• [TASK ITEM] The required output is the line with "COVELL 空調冷風服 ハーネス対応フード付半袖 ホワイト迷彩 Sサイズ G2-1-S" plus all lines that follow it to the end of the listing below, written out exactly, with no pictures.

=== Section Start ===

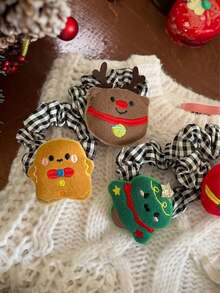 1pc Cute Santa Claus & Reindeer Plaid Hair Scrunchie, Fun Girls Hair Accessory, Suitable For Christmas, Ponytail Holder, Hair Tie, Hair Scrunchie, Hair Rope, Elastic Hair Band ,Ponytail Holders ,Hair Elastics ,Hair Rubber Bands - Multicolor - View 2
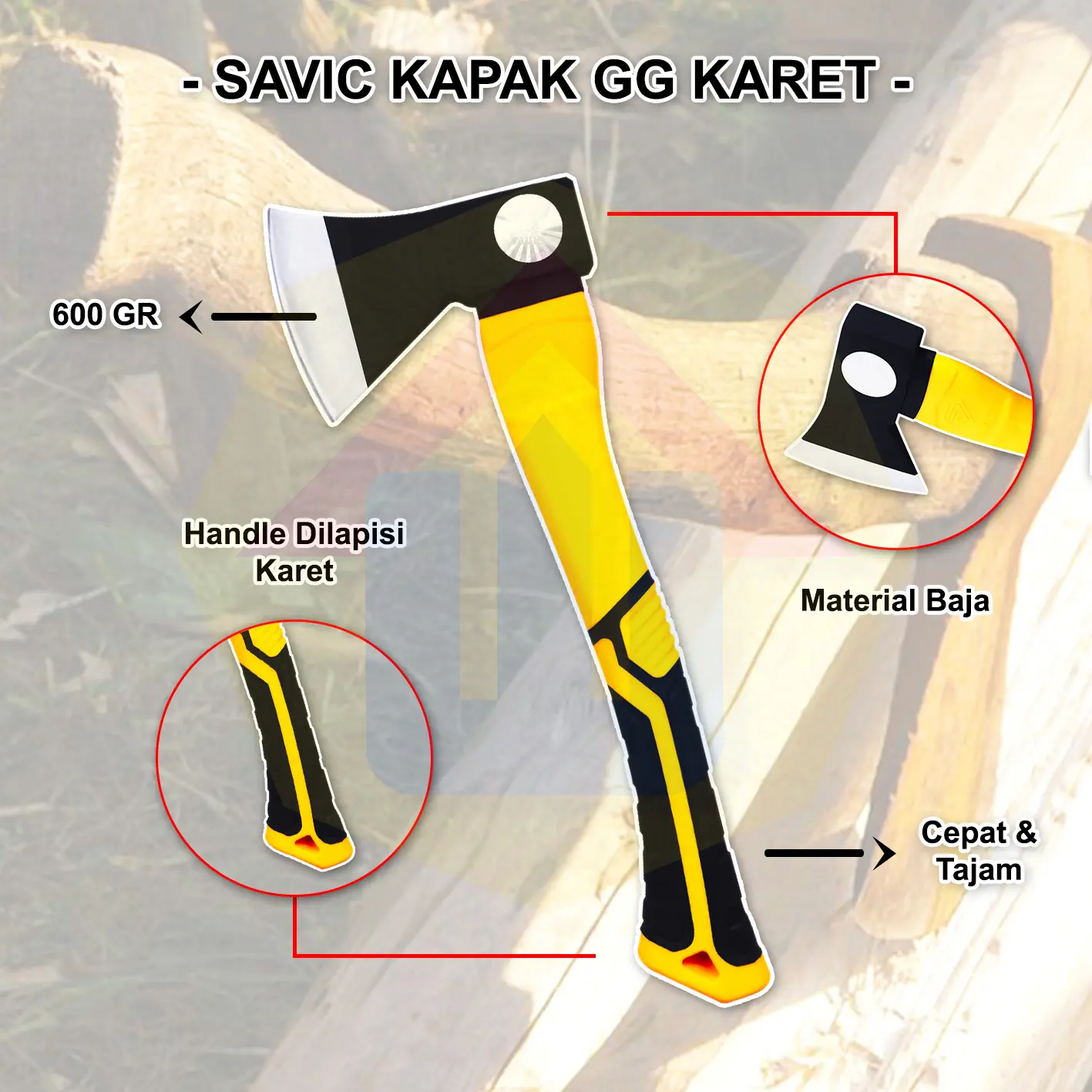 SAVIC KAPAK GG KARET KUNING 600GR - KAPAK KAYU MATERIAL BAJA KUAT BERKUALITAS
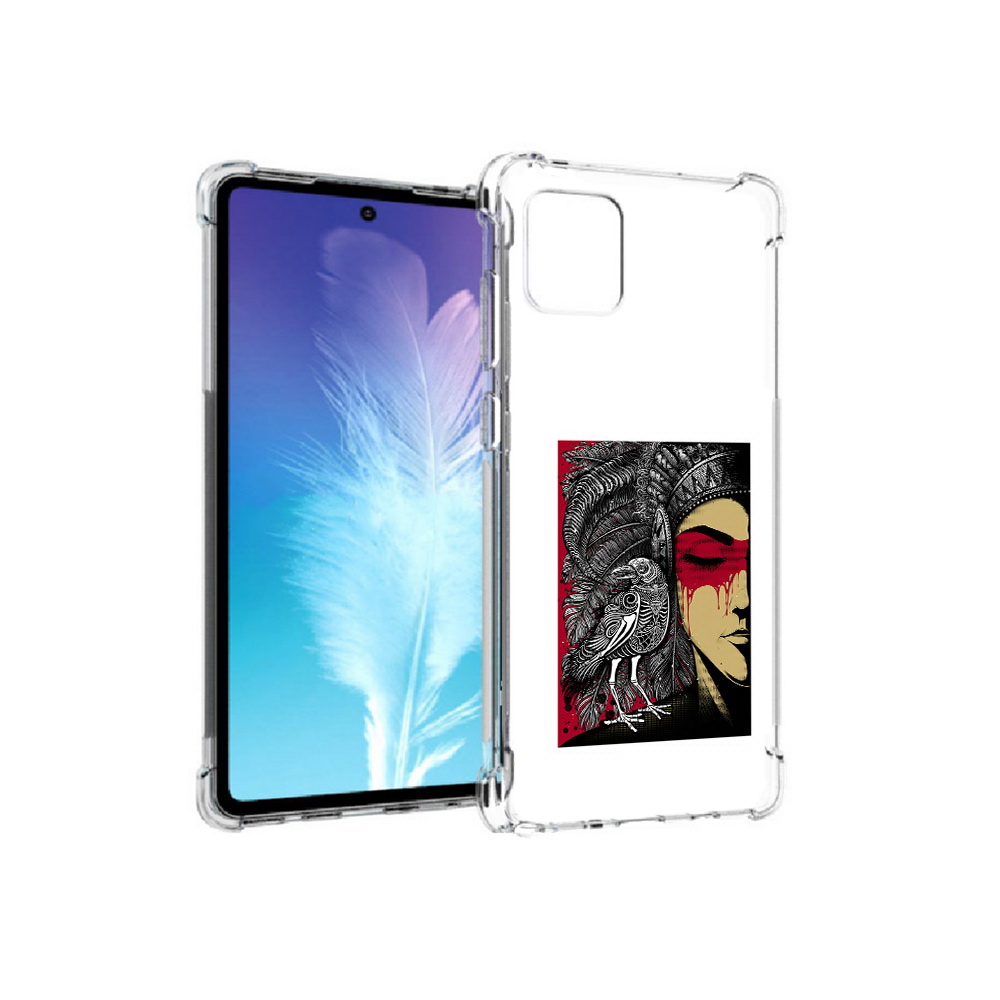 

Чехол MyPads Tocco для Samsung Galaxy Note 10 Lite девушка с вороном в абстракции, Прозрачный, Tocco
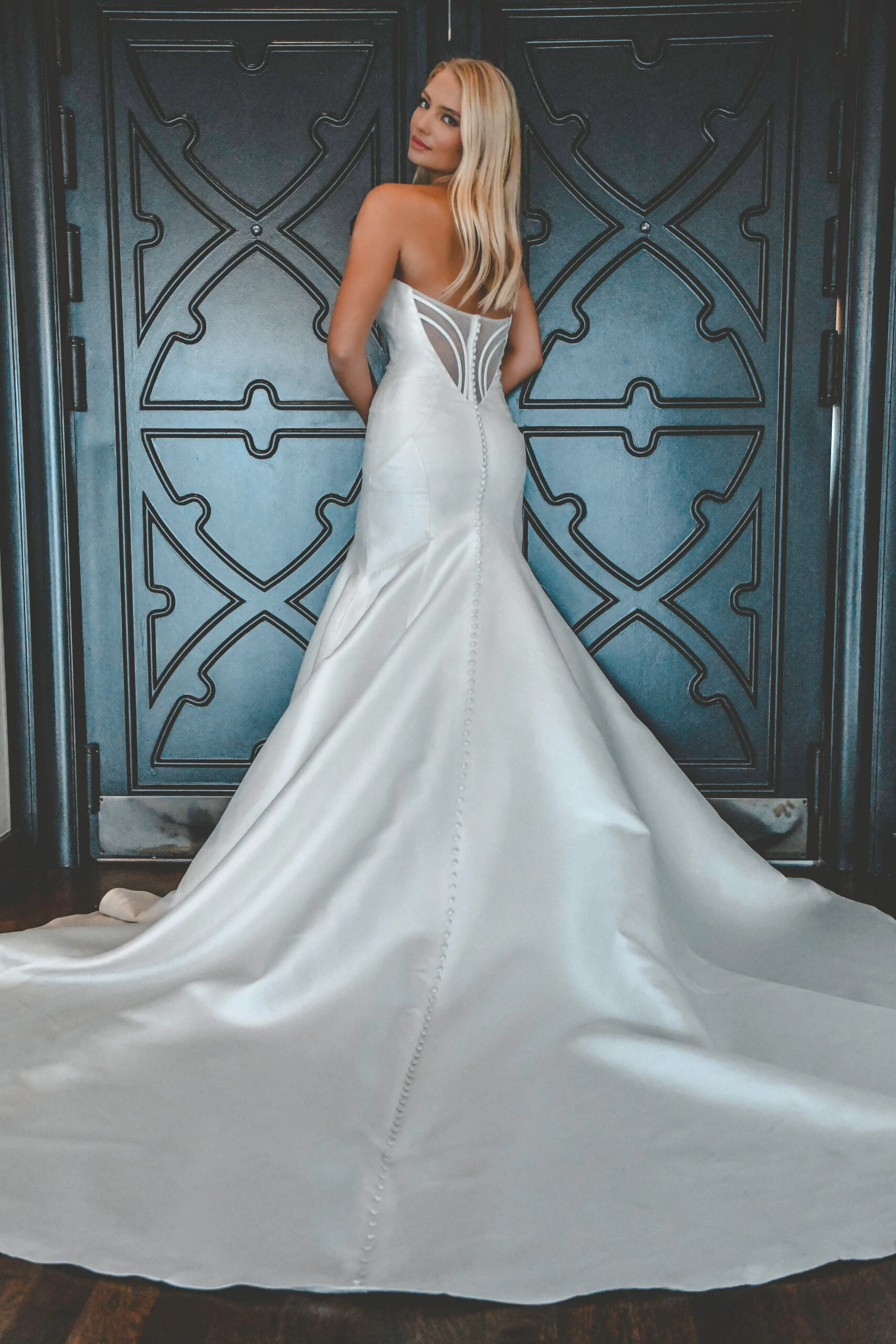 simple mermaid wedding dress with sheer back detailing - 1266 by Martina Liana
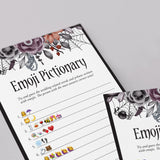Gothic Bridal Shower Game Emoji Pictionary with Answers Printable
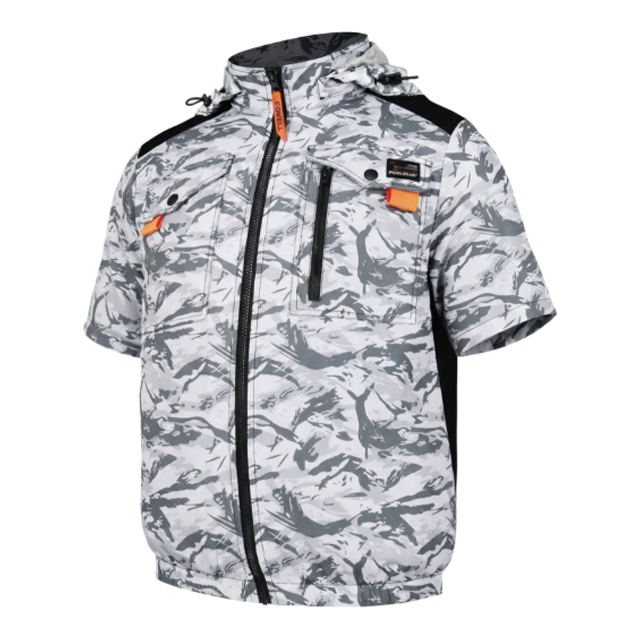 COVELL 空調冷風服 ハーネス対応フード付半袖 ホワイト迷彩 Sサイズ G2-1-S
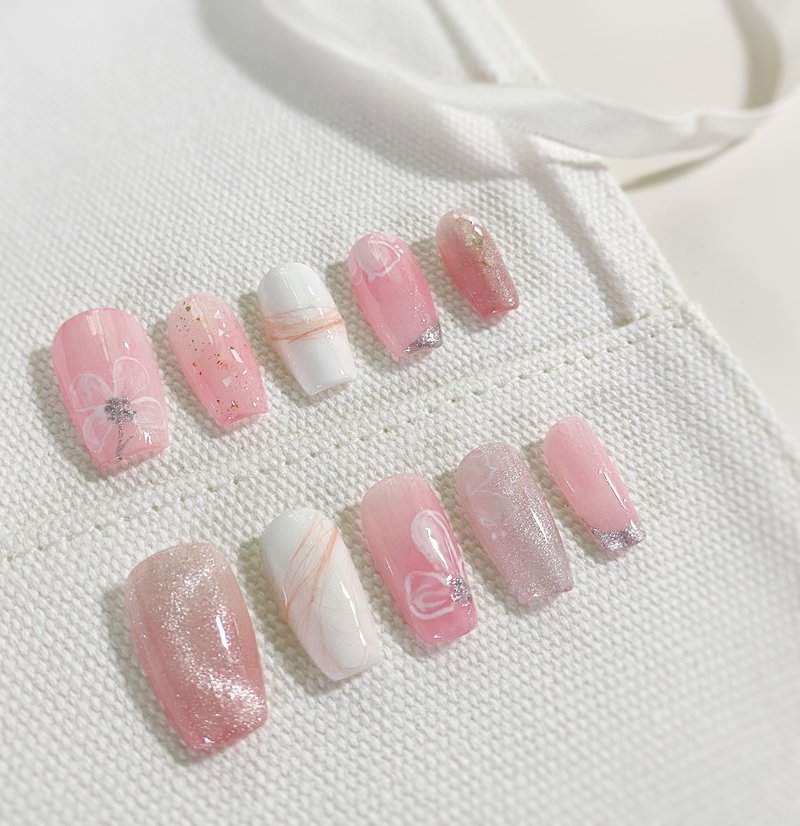 春分桃花红 绣线穿戴甲 - 其他 - 其他材质 粉红色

=== Section End ===

• [TASK SOLUTION]
 COVELL 空調冷風服 ハーネス対応フード付半袖 ホワイト迷彩 Sサイズ G2-1-S
 春分桃花红 绣线穿戴甲 - 其他 - 其他材质 粉红色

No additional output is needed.